Work instructions:
Transcribe the whole listing exactly, but do not carry over its pictures.

Excerpted data:
------------------------------------

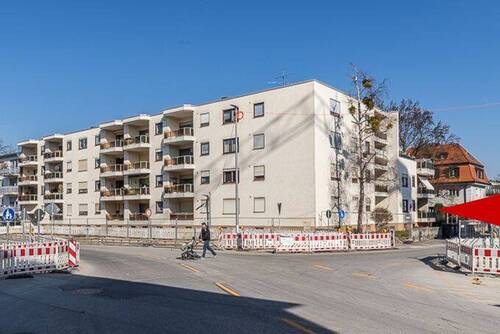Wohnanlage - Blick v.d. Gotthardstr. aus - 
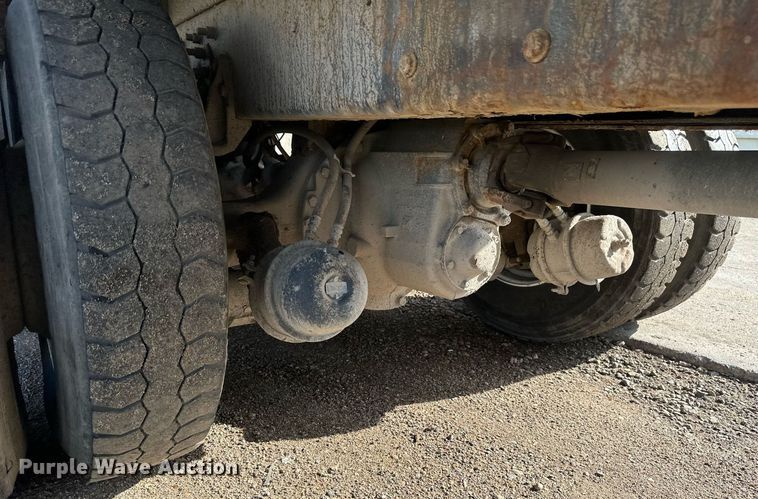 image for item EB2688 2008 International 7400 refuse truck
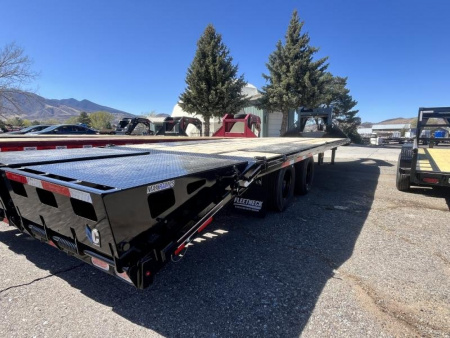 New 2025 Diamond C Gooseneck Dual Wheel Tandem Axle Deckover/25,000 GVWR/102"x30'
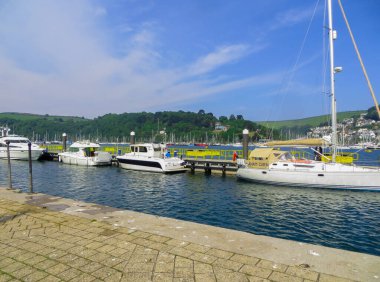 Dortmund şehrinde yatlar, motorlu tekneler ve küçük teknelerle dolu bir koy. İngiltere, Mayıs 2018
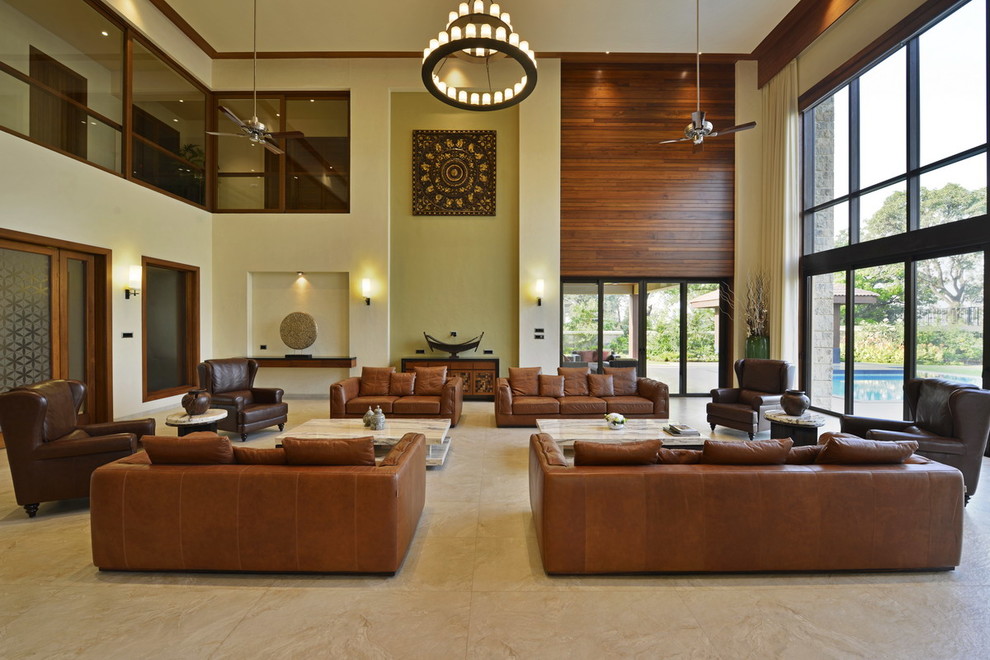 Aménagement d'un grand salon contemporain avec un sol beige et éclairage.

------------------------------------

Reply to the task:
Wohnanlage - Blick v.d. Gotthardstr. aus - 
 image for item EB2688 2008 International 7400 refuse truck
 New 2025 Diamond C Gooseneck Dual Wheel Tandem Axle Deckover/25,000 GVWR/102"x30'
 Dortmund şehrinde yatlar, motorlu tekneler ve küçük teknelerle dolu bir koy. İngiltere, Mayıs 2018
 Aménagement d'un grand salon contemporain avec un sol beige et éclairage.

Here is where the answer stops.